For example, in Mark 5:40, Jesus asks all the people present to leave, ekbalôn pantas; here in Acts Peter says, ekbalôn exô pantas. In addition, apart from the linguistic connection, there are the messengers bringing the healer, the weeping of the friends, the call by the healer to rise up, and the taking of the healed by the hand. I think it is even possible that the phrasing is modeled on Jesus’ healing of Jairus’ daughter in Mark. In Aramaic, Jesus says, “Talitha koum” (Mark 5:41; Dillon, NJBC, 745). Peter says, “Tabitha get up;” if also in Aramaic, it would be “Tabitha koum.” An interesting – perhaps intended – similarity.

There is one interesting discrepancy with the first miracle of Aeneas, however, and the pattern in Acts generally, and that is that Christ’s name is not invoked in the healing. Peter simply says, “Tabitha get up.” Why is this the case? Luke would not want to attribute the power to Peter himself, but perhaps it is to show the connection to Jesus’ own healing of Jairus’ daughter linguistically in terms of the simple command.

When Tabitha has been brought back to life, Peter “gave her his hand and helped her up. Then calling the saints and widows, he showed her to be alive” (Acts 9:41).  The Greek for “showed her to be alive” (parestêsen heauton zônta) is virtually identical to Acts 1:3 and the description of Jesus, which indicates that this same power is working through Peter and active in Tabitha (Johnson, Acts, 178). We also learn in this verse that in the community there are definitely both men and women, since we have the widows once again mentioned, but also the hagious, masculine for “holy ones.” Do they all live together in community as did the disciples in Jerusalem? It is intriguing to think that Tabitha may have been the owner of the house whose charity and good works consisted of supporting the community, but there is too much supposition in this proposal to be certain.

Tabitha’s rising up from the dead “became known throughout Joppa, and many believed in the Lord.
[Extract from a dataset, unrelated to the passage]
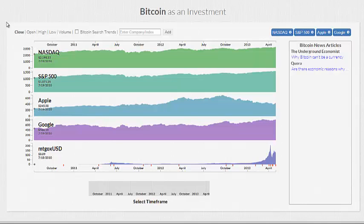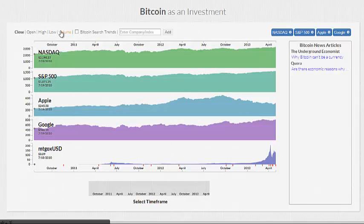Front and center is our multiple areas visualization sporting different stock and Bitcoin prices. As you can see, you can toggle between close, open, high, low, and volume pricing in our chart.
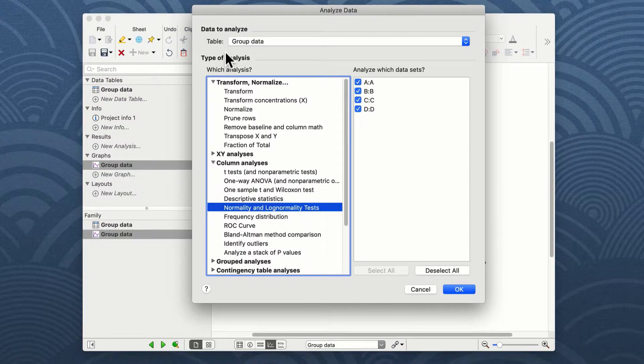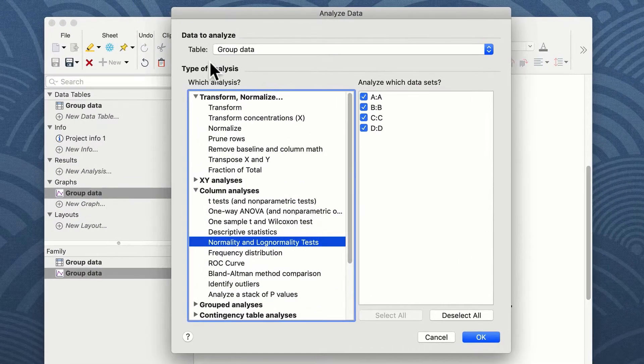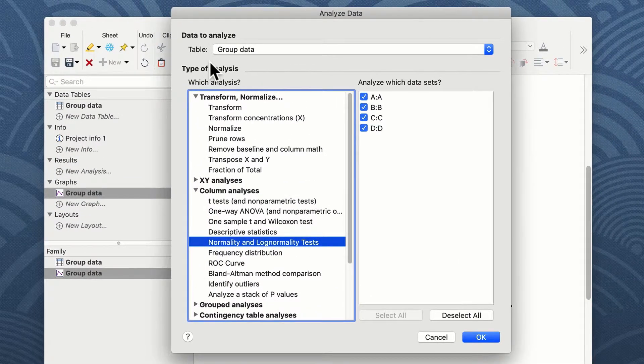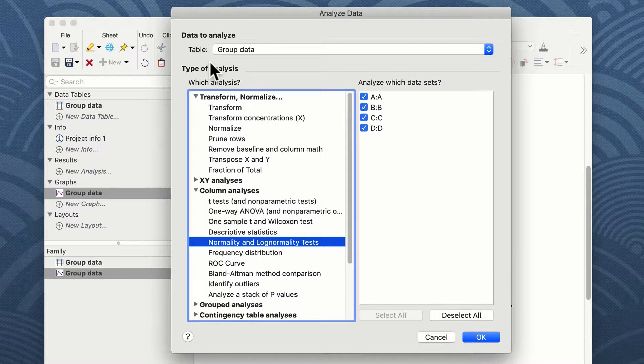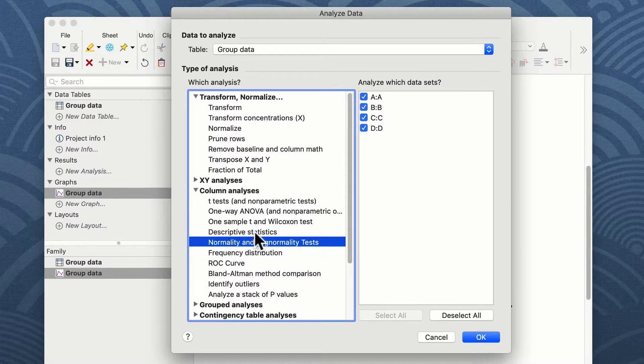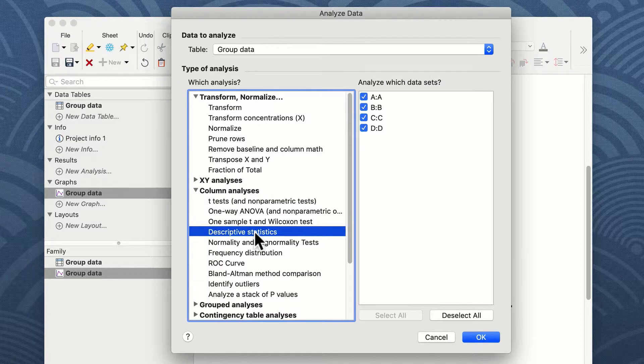When you click on the analyze data, you get the analyze data option window, and from here you can choose a number of analyses from the selection on the left-hand side. I want to look at the descriptive statistics of these data, so I'm going to click on descriptive statistics from the column analyses option.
Meanwhile he stayed in Joppa for some time with a certain Simon, a tanner” (Acts 9:42-43). This is obviously an even more significant miracle than the previous one for Peter raises Tabitha up from the dead.  Of course the result of this event was the spread of the Gospel message, as with the previous miracle. The note that many believed in the Lord does indicate, even though Luke does not mention that Peter’s miracle was done in Jesus’ name, that these activities were done through Jesus’ power and led to belief in the Lord.
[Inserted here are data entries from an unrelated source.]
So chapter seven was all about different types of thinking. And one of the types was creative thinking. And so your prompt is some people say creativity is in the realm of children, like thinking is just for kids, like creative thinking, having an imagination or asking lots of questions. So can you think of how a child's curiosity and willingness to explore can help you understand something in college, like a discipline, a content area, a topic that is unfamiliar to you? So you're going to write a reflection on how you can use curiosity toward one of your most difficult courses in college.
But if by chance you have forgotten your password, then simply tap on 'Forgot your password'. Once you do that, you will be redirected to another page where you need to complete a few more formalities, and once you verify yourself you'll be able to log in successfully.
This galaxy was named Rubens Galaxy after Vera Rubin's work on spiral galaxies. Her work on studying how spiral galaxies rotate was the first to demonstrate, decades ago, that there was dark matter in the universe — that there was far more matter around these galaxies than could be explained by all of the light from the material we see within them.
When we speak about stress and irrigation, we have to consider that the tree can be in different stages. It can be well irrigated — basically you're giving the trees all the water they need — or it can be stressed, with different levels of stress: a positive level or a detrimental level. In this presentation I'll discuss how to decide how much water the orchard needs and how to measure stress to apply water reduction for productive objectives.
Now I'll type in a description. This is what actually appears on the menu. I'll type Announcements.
Peter stayed with Simon the tanner (byrsei) for “some time” (hikanas). Hikanas is a common word in Acts for time, number, size; it indicates something which does not fall short or is sufficient or adequate for what is needed. It is relative in meaning depending on the situation, thing, or event (Page, Acts, 143). It means that Peter spent as much time as was needed by the people of Joppa, but does not give us a solid number. Again, however, the name and occupation of Simon the tanner give authenticity to the story (Johnson, Acts, 178). The fact that byrsei, tanner, was held to be an unclean profession by the Jews is an interesting detail (m. Ket. 7:10; Page, Acts, 143). It sets us up in some ways for Peter to go to see a Gentile and to be among many potentially unclean people. In Luke’s schema it is important that Peter inaugurates the world mission to the Gentiles not Paul (Dillon, NJBC, 745). And the two miracles performed by Peter set us up for his encounter with Cornelius.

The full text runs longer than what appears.